SBIR-STTR Award

The proposed work herein focuses on waste subsystems with emphasis on odor control associated with volatile organic compounds (VOCs). The development of efficient odor removal systems for use inside lunar mission architectures is one of NASA's critical needs (Topic X2.03). Because of the limited space and resources in both exploration vehicles and non-moving habitats, it is important for a treatment system to be compact, lightweight, and robust, and have low energy and material input requirements with the ultimate focus on reducing equivalent systems mass (ESM). Professors at the University of Florida have developed a novel, robust, and highly effective Silica-Titania Composite (STC) capable of adsorbing and oxidizing VOCs to harmless byproducts. The technology has been licensed by Sol-gel Solutions, LLC. In preparation for the design and fabrication of a prototype for validation in a relevant environment during a Phase II study, the evaluation and optimization of two potential configurations employing the STC is proposed. One configuration would employ continuous UV irradiation, and the other would employ intermittent UV. The ultimate goal is to determine which configuration results in a lower Equivalent Systems Mass (ESM).

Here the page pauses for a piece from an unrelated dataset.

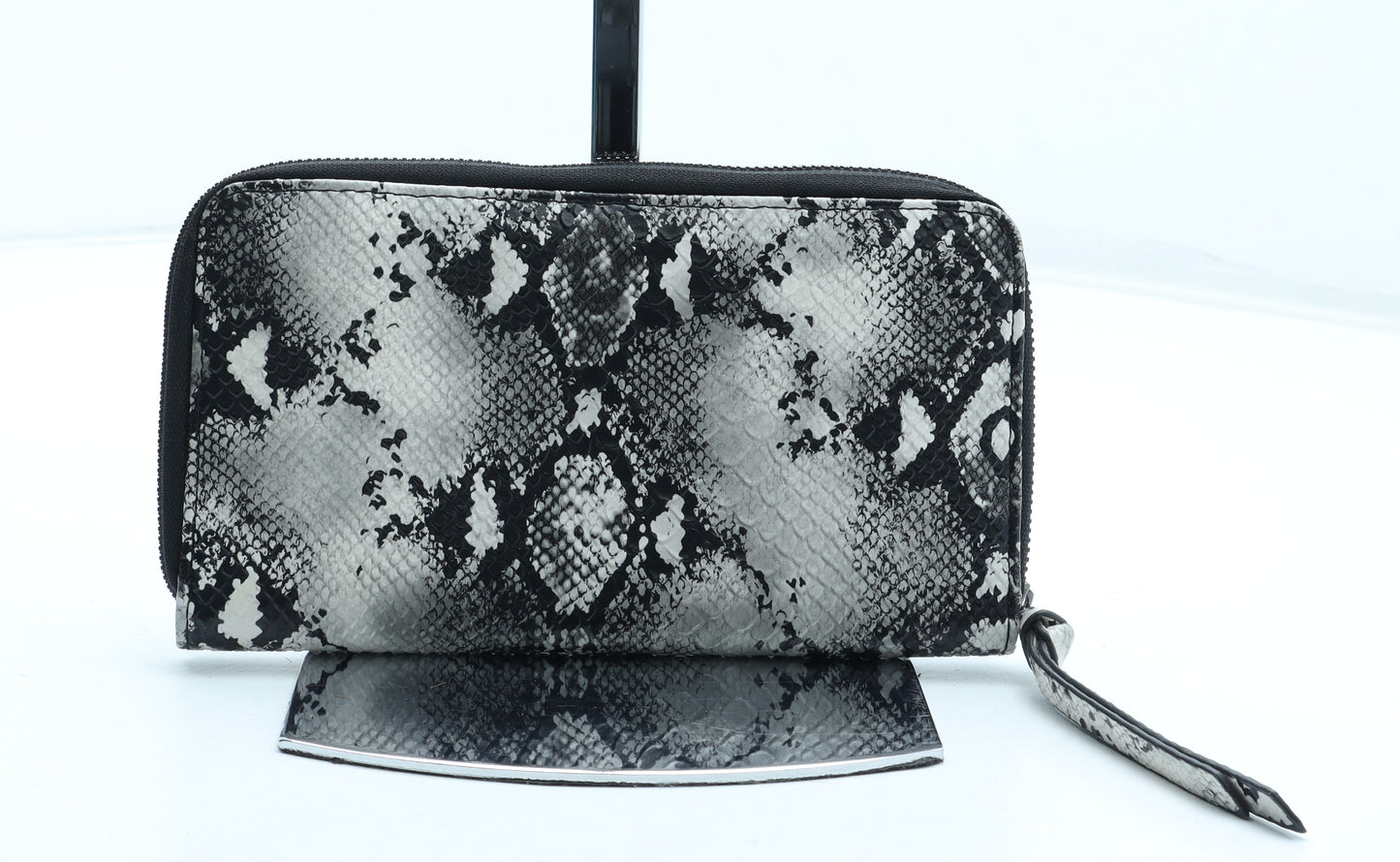 Preworn Womens Black Animal Print Polyurethane Bow Tie Wallet Size M - Snakeskin Pattern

The work proposed herein focuses on waste subsystems with emphasis on odor control associated with volatile organic compounds (VOCs). The development of efficient odor removal systems for use inside lunar architectures is one of NASA's critical needs (2008 SBIR Topic X2.03). Because of the limited space and resources in both exploration vehicles and non-moving habitats, a treatment system must be compact, lightweight, and robust, and have low energy and material input requirements, with focus on reducing equivalent system mass (ESM). We have developed a novel, robust, and highly effective Silica-Titania Composite (STC) technology capable of adsorbing and oxidizing VOCs to harmless byproducts when irradiated with UV light. The effectiveness of the technology for removal of ethanol from air when irradiated continuously with UV was proven under Phase I. This Phase II proposal will focus on the design, fabrication, and evaluation of a prototype employing the STC technology with UV LEDs as the light source, challenged with several VOCs simultaneously. The prototype will be designed based on the requirements of the Lunar Habitat in NASA's Lunar Outpost mission. Revised ESM calculations will be completed after system optimization, and a final prototype will be delivered to NASA for future testing.